3) judging whether the anchor frame set B is empty, if so, finishing frame regression, and otherwise, entering the step 4);

4) for each anchor frame B in the current anchor frame set B_nCalculating the intersection ratio iou (b ', b) of the current optimal anchor frame b' and the current optimal anchor frame b_i) Then each anchor frame b is updated using the following formula_nS confidence of_n：

Wherein N is_tIs a preset cross-over ratio threshold;

and then returns to step 2).

5. The face detection method of claim 1, wherein the GAN network-based super-resolution reconstruction model adopts an SRGAN network.

6. The face detection method of claim 5, wherein the SRGAN network is trained by the following method:

firstly, a plurality of high-resolution face images I are obtained^HRObtaining a corresponding low-resolution face image I through down sampling^LREach high resolution face image I^HRAnd a corresponding low resolution face image I^LRForming a training sample, thereby obtaining a training sample set;

the optimized objective function of the discriminator D is:

wherein x denotes a true high resolution face image, z denotes a low resolution face image input to the generator G, G (z) is a super-resolution reconstructed face image generated in the generator G, P_gRepresenting the probability distribution, P, of a super-resolved reconstructed face image_rThe probability distribution of the real high-resolution face image is shown, D (x), D (G (z)) respectively show the probability that the discriminator D judges whether the high-resolution face image and the super-resolution reconstructed face image are the real face images, E [, ]]The mathematical expectation is represented by the mathematical expectation,representing a random linear combination of the true high resolution face image x and the super resolution reconstructed face image g (z), k and p each representing a constant.
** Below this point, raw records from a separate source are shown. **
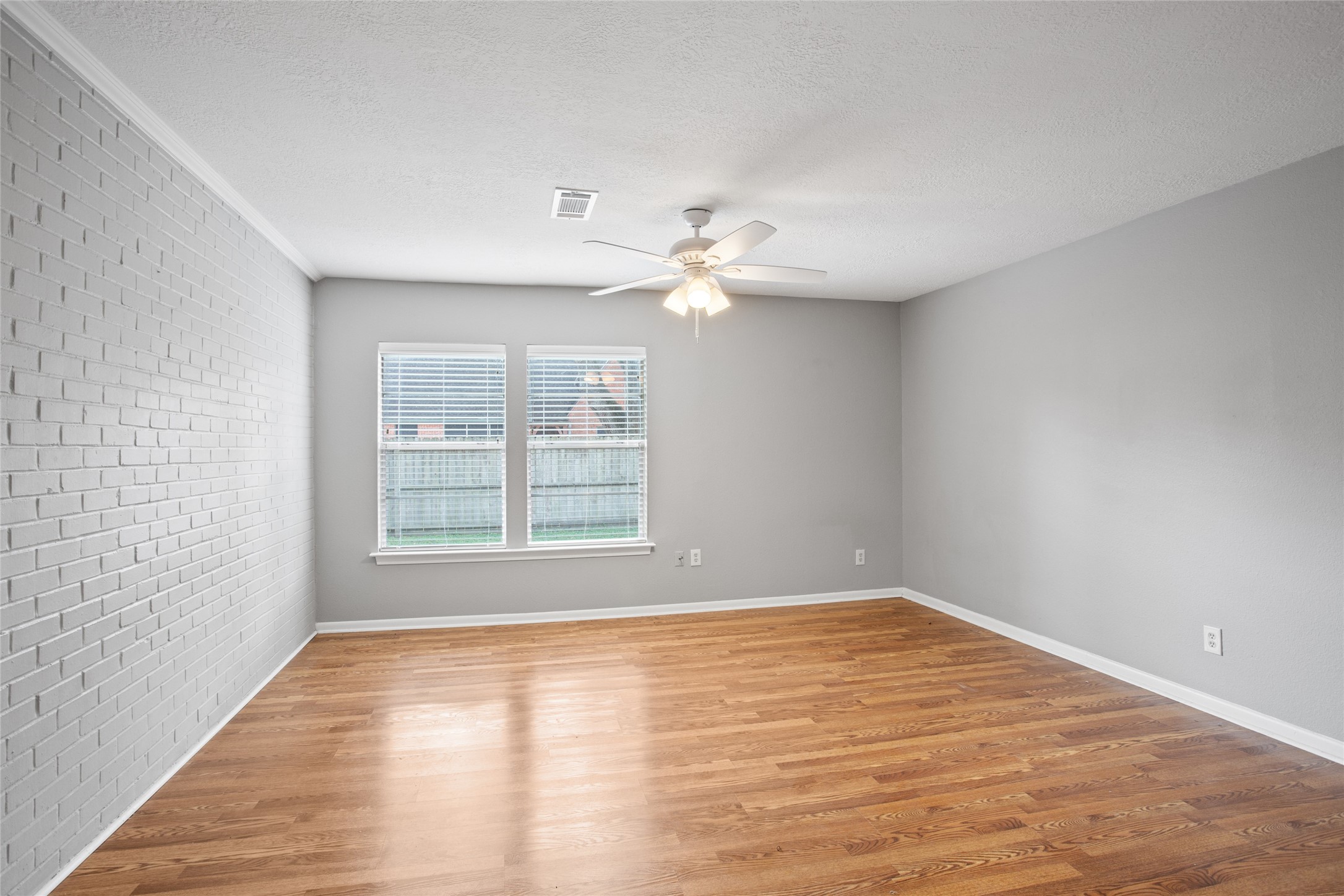 302 South Hardie Street Alvin, TX 77511 - Photo 6 of 16 Primary bedroom in the back of the home.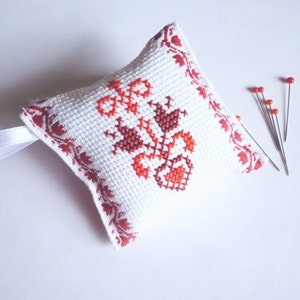 Needle pillow with peasant motif, hand embroidered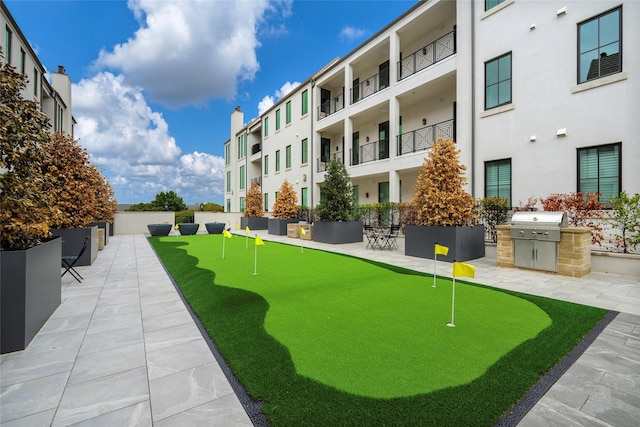 view of property's community with a patio area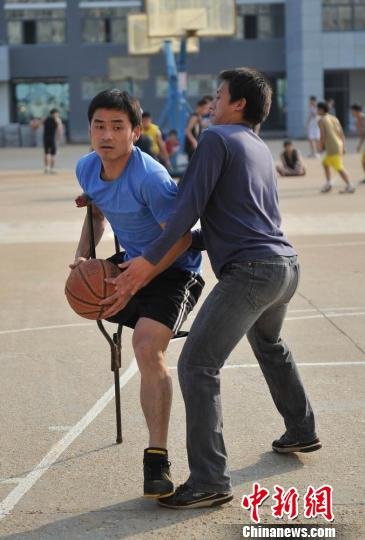 圖為拄著拐杖的瞿詩濤和同學(xué)搶球。劉占昆攝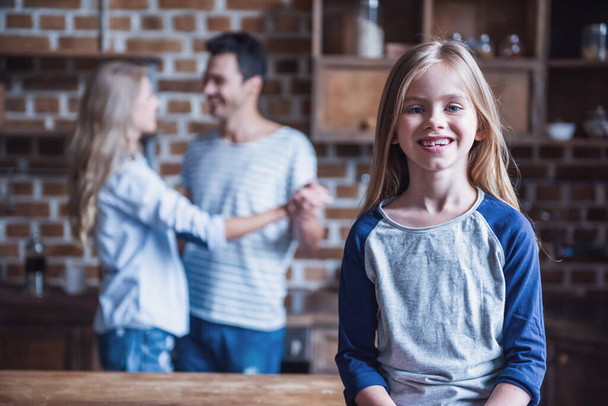 Cute little girl is looking at camera and smiling while her beautiful parents are dancing in the background in kitchen - Photo, Image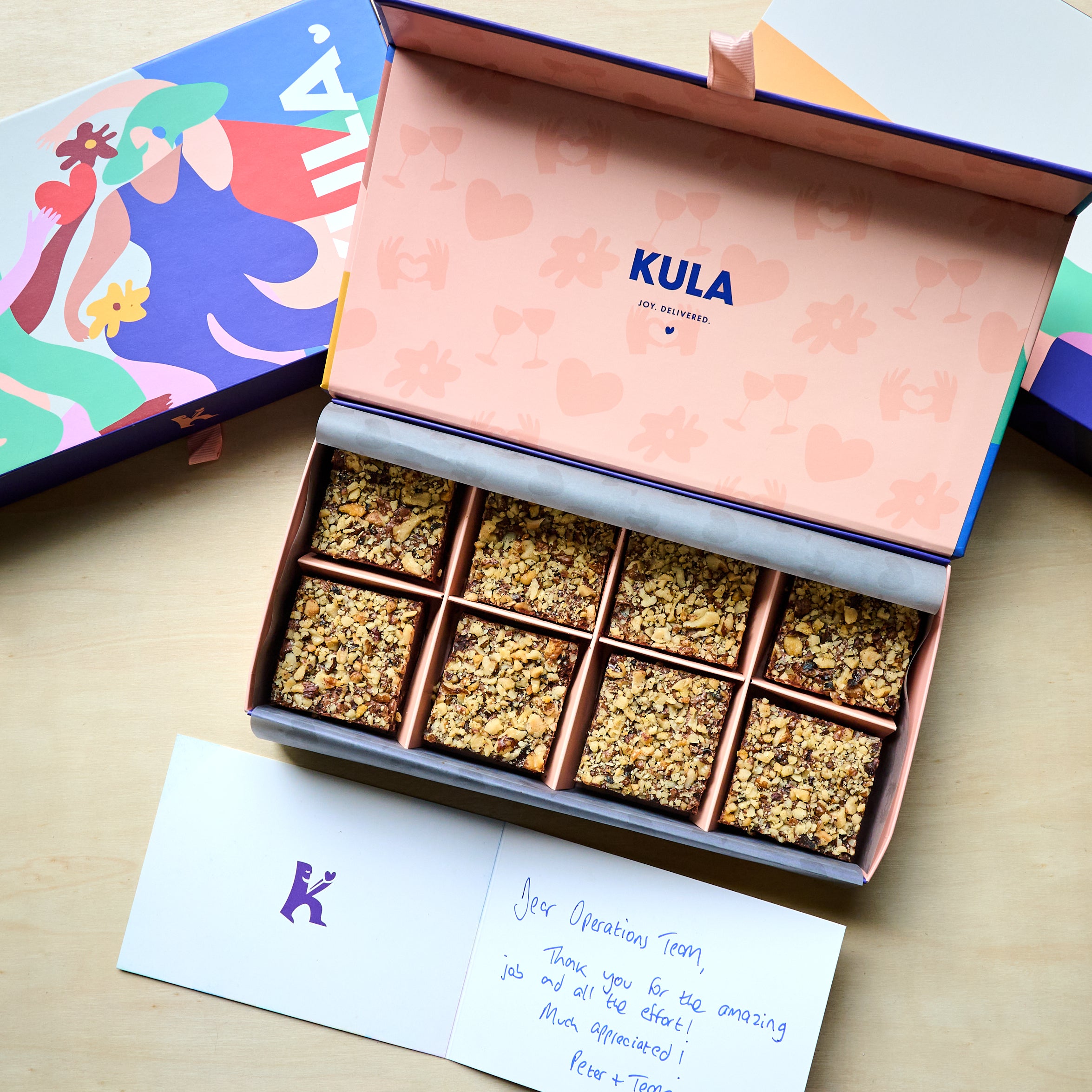 Vibrant KULA magnetic gift box with 8 nutty brownies and handwritten message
7. The face detection method of claim 6, wherein in the SRGAN network training process, the loss function L of the training sample is calculated according to the following formula_SR：

Wherein,a content loss function representing the training samples,denotes the loss of antagonism, L_clcIndicating a classification loss.

8. The face detection method of claim 6, wherein in the SRGAN network training process, an Adam optimization algorithm is adopted to realize objective function optimization of a generator G and a discriminator D, and the specific method is as follows:

updating the weight w of the generator G in descending order using the Adam optimization algorithm_G：

Wherein,represents a weight w_GDecreasing gradient of z_mRepresentation of super-resolution reconstructed face image I^SRThe value of the mth pixel, M being 1,2, …, M representing the number of pixels, D (G (z)_m) ) the representation discriminator D judges the super-resolution reconstructed face image I^SRThe m-th pixel is a high-resolution face image I^HRProbability of middle pixel, α denotes learning rate, β₁Exponential decay Rate representing first moment estimate, β₂An exponential decay rate representing the second moment estimate;

Wherein,represents a weight w_DDecreasing gradient, x_mRepresenting high resolution face images I^HRM-th pixelValue of (a), D (x)_m) Representation discriminator D for judging high-resolution face image I^HRThe mth pixel is a high-resolution face image I^HRThe probability of a middle pixel being in the image,to representThe gradient of the fall-off is,μ_m＝m/M，the representation discriminator D judgesFor high resolution face images I^HRProbability of a pixel in (c).

9. The super-resolution facial image reconstruction method according to claim 8, wherein the weight w of the generator G is updated alternately during the optimization of the objective function of the generator G and the discriminator D_GWeight w of sum discriminator D_D。